Sidenote: Yes, Simon, I'm talking to you! You refused to believe I actually had a blog and here you are making an appearance on it. Now that's what I call...is there a word for that? I was going to say irony but that doesn't really work. Anyway. Yeah.
So we're at The Great Northern. You know how sometimes when you go out, you just aren't feeling it? Like, you're just not in the mood? You're tired, you're grumpy, you're out of money, and while everyone else wants to go dancing, all you wanna do is find a cab so you can get home and curl up in bed with a grilled cheese sandwich?

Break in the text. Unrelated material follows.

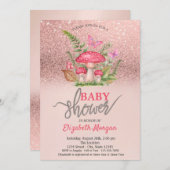 きのこ バタフライ ローズゴールド グリッター ベビーシャワー 招待状 (正面/裏面)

This was not one of those nights.
I was feeling it.
I was in the mood.
I'd just worked what pretty much amounts to a 12-hour shift without alot of sleep the night before, so from a normal person's perspective I probably should have been jonesing for the whole bed + grilled cheese scenario, but no. Nothing good ever came from going to bed with a cheese sandwich, I say. Certainly not when the alternative is drinks with Alex, Richie and Simon. I knew straight off the bat it was gonna be a fun night when Richie struck up a conversation comparing Harry Potter characters to that dude I used to hang out with. Nothing spells "night to remember!" like your bestie and her boyfriend revealing that they refer to your ex as 'Voldemort' when you aren't around. Does that make me Peter Pettigrew? I don't even care!
Here's what else we talked about at the pub:
- The army
- People we went to high school with
- The idea of shoving a carrot up someone's ass
One of the things I enjoy most about going out is actually the morning after. I'm guessing that's not the case for most people, but I don't care. I love it. It's always such a surprise! I like to look in my wallet first, because I'll always come home with either six times more money than I started with, or nothing but two train tickets and a Gloria Jeans customer card. How does that happen? Then there's that moment when you see yourself in the mirror for the first time and have to figure out exactly how and when you ended up wearing whatever you're wearing. This is one of my favourite post-drinking games to play, despite the fact that 9 times out of 10 I will lose. I once woke up wearing soccer shorts, stockings and a stripey cardigan tied into a crop-top. If I ever figure that one out, I'll let you know.
In other news, I would like to report that my Mother is trying to kill me:
I think that while most people know I'm allergic to nuts, a lot don't really get the extent of how allergic. To combat this, I have drawn up a simple diagram:
So, you know. It's pretty bad. Despite this, my parents never made our household nut-free. In fact, I think we actually have more nuts in our pantry than the average Australian family. Trying to make breakfast is like a fucking battlefield for me. This is one of the reasons I survive mostly on caffeine and lollypops.
I love that there are schools - entire schools - which ban peanut butter because of one kid, yet my own Mother leaves a bowl of Snickers bars on the kitchen bench. I'm going to propose a new house rule until I move out: No Leaving Death-Laden Chocolate Bars Anywhere That Jacki Can Reach Them.
Most of the time it's coffee and sugar, yes, but I am the kind of girl who occasionally gets hungry at 3 in the morning, will wander downstairs without bothering to switch on the light, and eat the first thing I can find in the dark. For this 'first thing' to be a Snickers bar would not be pleasant. Although having to clean up my corpse in the morning does seem like the ultimate payback for having nuts in the kitchen.
Suck it, Mum! Ps I'd like to be buried in a giant disco ball! You know, if that's at all possible.
Have you ever thought about what you want done with your dead body? Morbid! I'm going to donate my organs of course, although I'm not sure how good they'll be. Here is a photo of my liver:
I don't know if I like the idea of being buried. The disco ball thing might be cool, but what I really want my parents to do is have me stuffed and mounted so they can keep me in their bedroom. Preferably in this pose:
Jacki Trew, they will say. She died like she lived: an idiot with 2 thumbs up.